We provide most of the models mentioned in the final results (Table 6 and 7 in the paper). We used fairseq to implement and train the models. You can install the dependencies by executing:
pip install -r requirements.txt
Additionally, we used the luigi library for all the staff related to preprocessing and postprocessing the data.
Finally, we provide an evaluation script to determine the scores.
Dual-Source models (vanilla dual-source transformer and dual-source RoBERTa) share the same preprocessing process but use different vocabularies. We train a new sentencepiece model on all training data for dual-source transformer and reuse the original RoBERTa vocabulary for Dual-source RoBERTa.
The input to these models consists of two parts: the article and the requested properties. The properties are separated by the ### token. For instance:
William Costello Kennedy, PC (August 27, 1868 -- January 17, 1923) was a Canadian politician. Born in Ottawa, Ontario, he was first elected to the Canadian House of Commons in the riding of Essex North in the 1917 federal election as a Laurier-Liberal. He was re-elected as a Liberal in 1921. From 1921 until his death, he was the Minister of Railways and Canals in the government of William Lyon Mackenzie King.
family name ### position held ### date of birth ### member of political party ### instance of ### date of death ### occupation ### sex or gender ### given name ### country of citizenship
The first line is a Wikipedia article, and the second contains the requested properties.

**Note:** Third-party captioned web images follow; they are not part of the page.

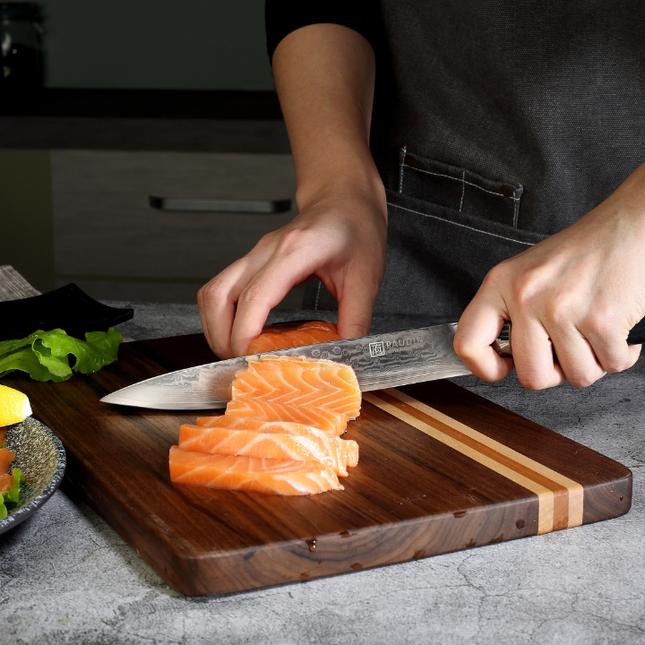 Paudin Paudin Cloud Damascus Vleesmes 20 cm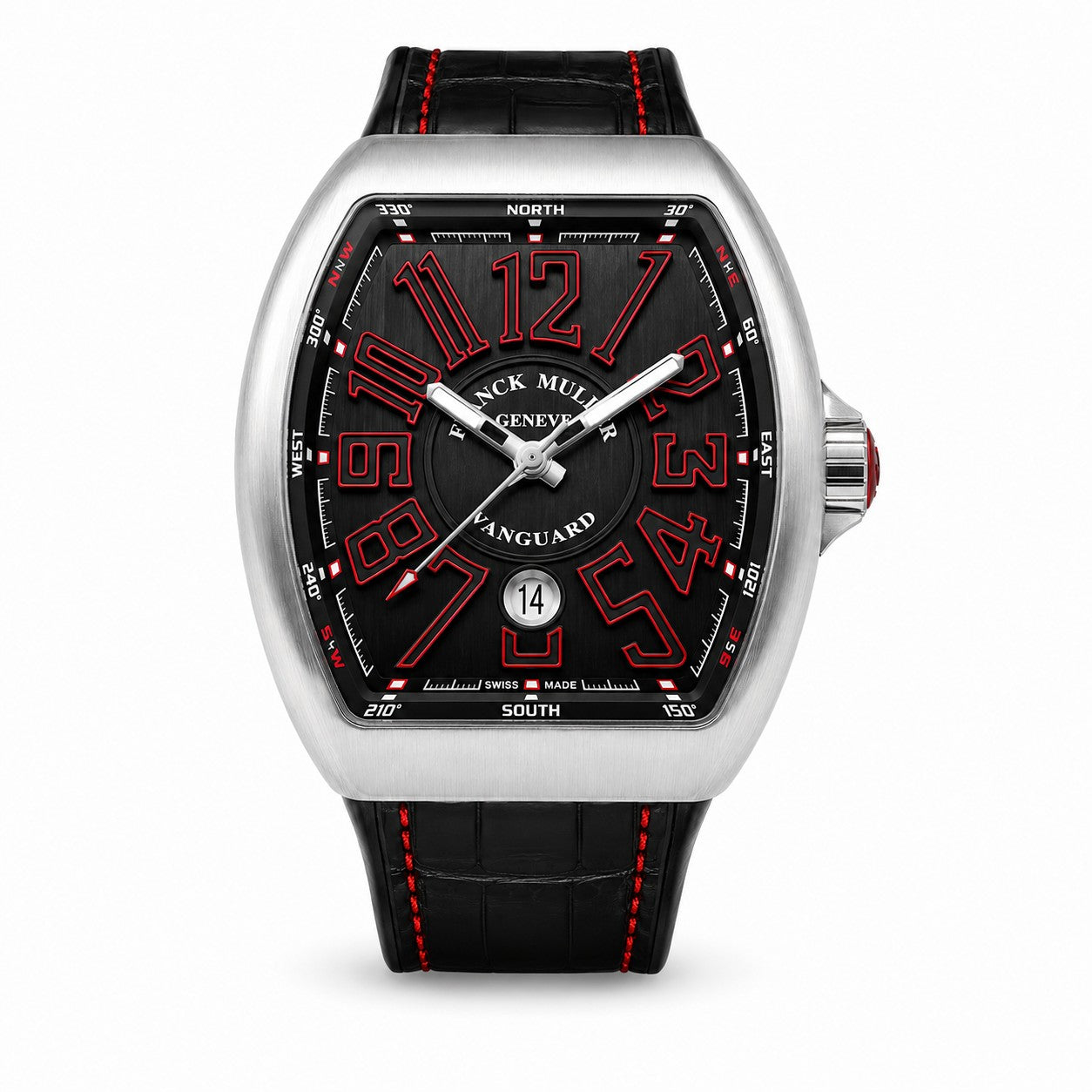FRANCK MULLER Vanguard, Automatic, Stainless Steel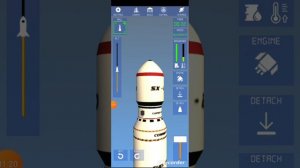 как запустить спутник🛰 в space rocket exploration🚀🚀🚀
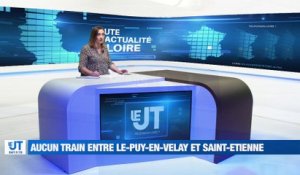 A la Une : Pas de train entre Le-Puy et Saint-Etienne / Pierrick Courbon candidat / Des tampons pour les SDF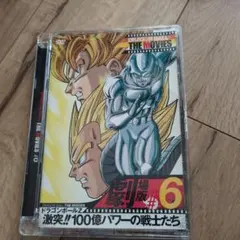 ドラゴンボールＺ劇場版 DVD ＃6 激突!!100億パワーの戦士 メタルクウラ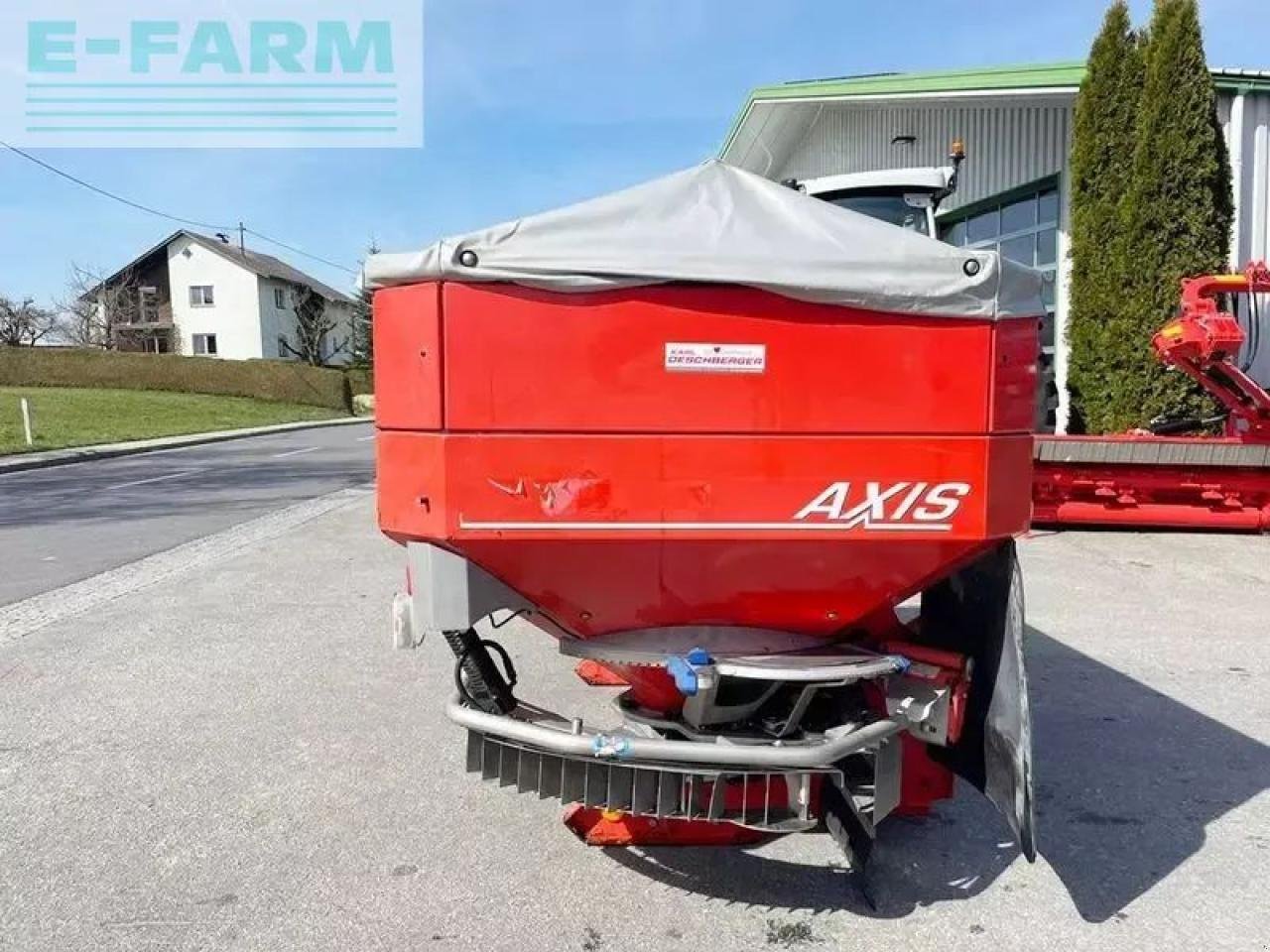 Düngerstreuer типа Rauch axis 40.1 düngerstreuer, Gebrauchtmaschine в SANKT MARIENKIRCHEN BEI SCHÄRDING (Фотография 4)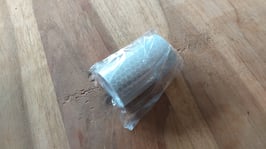 Reflektorfolie Weiss selbstklebend 1 m x 5 cm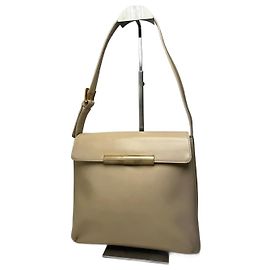Sac en cuir vintage Givenchy beige Beige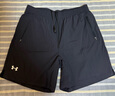 安德瑪（Under Armour）速干運動(dòng)短褲男吸濕排汗拉鏈口袋健身透氣籃球足球休閑五分褲2XL 曬單實(shí)拍圖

We published three models on WikiReading Recycled:
- T5,
- vanilla dual-source transformer,
- dual-source RoBERTa.
Moreover, we prepared a complete pipeline to reproduce our results. To evaluate a model, run:
PYTHONPATH=. luigi --local-scheduler --module tutorial_scripts EvaluateModelTask --model MODEL --split SPLIT
where MODEL may be one of T5, DUAL_SOURCE_TRANSFORMER, DUAL_ROBERTA_TRANSFORMER; and split one of dev-0, test-A, test-B.
For example:
PYTHONPATH=. luigi --local-scheduler --module tutorial_scripts EvaluateModelTask --model DUAL_ROBERTA_TRANSFORMER --split test-B
will evaluate dual-source RoBERTa model on test-B.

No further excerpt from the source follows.